Lincoln Chafee was the only Republican senator to vote against the Iraq War. Now neither a senator nor a Republican, the war is a major reason he is contemplating a run for the Democratic presidential nomination.

Although Iraq went unmentioned in a halting announcement video [1]of sorts, Chafee has said Hillary Clinton’s vote for the war is disqualifying and that the 2003 invasion helped trigger much of the chaos rippling through the rest of the world.

“I don’t think anybody should be president of the United States that made that mistake,” he told [2] the Washington Post. “It’s a huge mistake and we live with broad, broad ramifications today—of instability not only in the Middle East but far beyond and the loss of American credibility. There were no weapons of mass destruction.”

Chafee would be an unusual challenger. In just the last ten years, he has been a Republican, independent, and a Democrat. In fact, his announcement he was exploring the Democratic nomination came less than two years after he joined the party.

Nor would this be the first time the adjective “unusual” has been used to describe Chafee. Born to wealth and privilege, he was known for drug use and a lack of direction in his early years. He hailed from one of Rhode Island’s founding “five families [3].” His father, John Chafee, was perhaps the last great Rockfeller Republican.

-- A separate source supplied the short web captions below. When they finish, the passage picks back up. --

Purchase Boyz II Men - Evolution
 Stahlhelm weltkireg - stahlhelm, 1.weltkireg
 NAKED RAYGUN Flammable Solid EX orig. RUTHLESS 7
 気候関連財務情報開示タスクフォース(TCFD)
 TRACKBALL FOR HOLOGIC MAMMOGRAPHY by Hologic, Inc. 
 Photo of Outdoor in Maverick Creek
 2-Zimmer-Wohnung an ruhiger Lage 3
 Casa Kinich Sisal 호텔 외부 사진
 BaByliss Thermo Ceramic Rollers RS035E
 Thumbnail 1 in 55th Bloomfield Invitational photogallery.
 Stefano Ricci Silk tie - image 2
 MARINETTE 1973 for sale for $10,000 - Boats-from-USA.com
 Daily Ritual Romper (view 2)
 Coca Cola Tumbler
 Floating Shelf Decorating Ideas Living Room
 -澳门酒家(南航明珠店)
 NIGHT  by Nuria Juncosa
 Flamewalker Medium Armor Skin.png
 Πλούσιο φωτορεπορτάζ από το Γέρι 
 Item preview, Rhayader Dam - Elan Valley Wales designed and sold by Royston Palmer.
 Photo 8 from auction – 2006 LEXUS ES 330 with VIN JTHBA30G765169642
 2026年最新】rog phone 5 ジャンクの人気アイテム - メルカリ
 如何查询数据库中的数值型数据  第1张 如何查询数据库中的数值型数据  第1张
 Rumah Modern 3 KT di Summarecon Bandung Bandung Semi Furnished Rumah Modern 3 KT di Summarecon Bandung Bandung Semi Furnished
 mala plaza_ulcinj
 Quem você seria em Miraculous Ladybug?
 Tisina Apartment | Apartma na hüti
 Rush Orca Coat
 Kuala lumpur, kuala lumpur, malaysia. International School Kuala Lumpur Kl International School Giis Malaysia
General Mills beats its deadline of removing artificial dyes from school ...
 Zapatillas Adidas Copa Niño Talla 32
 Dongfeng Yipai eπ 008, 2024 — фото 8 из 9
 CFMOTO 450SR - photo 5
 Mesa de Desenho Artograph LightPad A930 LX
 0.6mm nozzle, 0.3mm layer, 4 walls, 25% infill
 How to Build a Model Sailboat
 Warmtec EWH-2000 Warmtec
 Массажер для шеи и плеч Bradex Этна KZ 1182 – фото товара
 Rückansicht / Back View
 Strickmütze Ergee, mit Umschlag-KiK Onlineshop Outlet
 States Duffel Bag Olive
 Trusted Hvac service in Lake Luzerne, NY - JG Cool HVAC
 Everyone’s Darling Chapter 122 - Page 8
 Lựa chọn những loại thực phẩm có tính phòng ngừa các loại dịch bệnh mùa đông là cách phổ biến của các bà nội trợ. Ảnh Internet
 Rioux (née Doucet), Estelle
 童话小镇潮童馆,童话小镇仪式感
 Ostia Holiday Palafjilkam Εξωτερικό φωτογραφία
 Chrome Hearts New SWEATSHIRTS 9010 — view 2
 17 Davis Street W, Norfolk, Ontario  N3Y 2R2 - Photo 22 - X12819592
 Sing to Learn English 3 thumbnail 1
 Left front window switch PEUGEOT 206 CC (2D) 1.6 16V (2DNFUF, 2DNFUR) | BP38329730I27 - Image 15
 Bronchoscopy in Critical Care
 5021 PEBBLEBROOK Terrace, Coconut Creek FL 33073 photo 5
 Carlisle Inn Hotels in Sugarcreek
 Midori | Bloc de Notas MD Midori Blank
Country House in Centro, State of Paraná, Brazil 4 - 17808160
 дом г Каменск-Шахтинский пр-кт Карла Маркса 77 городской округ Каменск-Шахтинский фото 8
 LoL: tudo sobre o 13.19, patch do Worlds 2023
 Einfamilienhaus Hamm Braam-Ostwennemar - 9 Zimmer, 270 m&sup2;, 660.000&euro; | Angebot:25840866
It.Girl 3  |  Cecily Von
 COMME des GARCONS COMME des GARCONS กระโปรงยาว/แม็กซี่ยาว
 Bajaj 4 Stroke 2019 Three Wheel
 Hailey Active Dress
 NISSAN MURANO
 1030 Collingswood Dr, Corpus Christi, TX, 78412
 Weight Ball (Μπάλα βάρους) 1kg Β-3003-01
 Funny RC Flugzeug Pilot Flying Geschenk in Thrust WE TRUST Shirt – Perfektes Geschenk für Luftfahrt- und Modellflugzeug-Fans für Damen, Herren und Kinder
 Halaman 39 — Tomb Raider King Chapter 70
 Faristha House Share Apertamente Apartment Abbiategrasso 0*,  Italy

After graduating from Brown University in 1975, he attended horseshoeing school in Montana and spent some seven years working at harness racetracks. He more or less blundered into politics, moving from a seat on the Warwick, R.I. city council–where was nicknamed “Missing Linc” and criticized for a lack of engagement with local issues–to the mayoralty, then the U.S. Senate upon his father’s death.

Rhode Island Republicans didn’t have a deep bench and the younger Chafee had expressed interest in running for the seat in 2000, when his father planned to retire. So the state’s GOP governor appointed him to fill out the remainder of the term.

Yet Chafee to a large extent followed in his father’s footsteps. He was elected to the Senate for a full term in his own right in 2000, where he became a high-profile liberal Republican. Control of the Senate briefly hung in the balance as Chafee considered switching parties, but another GOP liberal, Jim Jeffords of Vermont, jumped first.

Chafee beat a conservative primary challenger in 2006, but lost reelection in part because of the Iraq War he had voted against. He left the Republican Party and was elected governor of Rhode Island without the support of either party. He ended up with poor approval ratings and declined to run for reelection.

By most measures, Jim Webb would be the more credible antiwar challenger to Clinton, even with his well publicized misgivings [4] about the Iran deal. A fellow one-term senator, Webb has a formidable military background while the moppy-haired Chafee looks like he should either be attending classes at Brown or shoeing horses somewhere.

In a 2001 New Republic profile [5], Michael Crowley compared Chafee to the Chauncy Gardner character in the Peter Sellers film Being There. It’s a backhanded compliment, as Gardner’s “simple aphorisms about gardening are misinterpreted as profound political insights.”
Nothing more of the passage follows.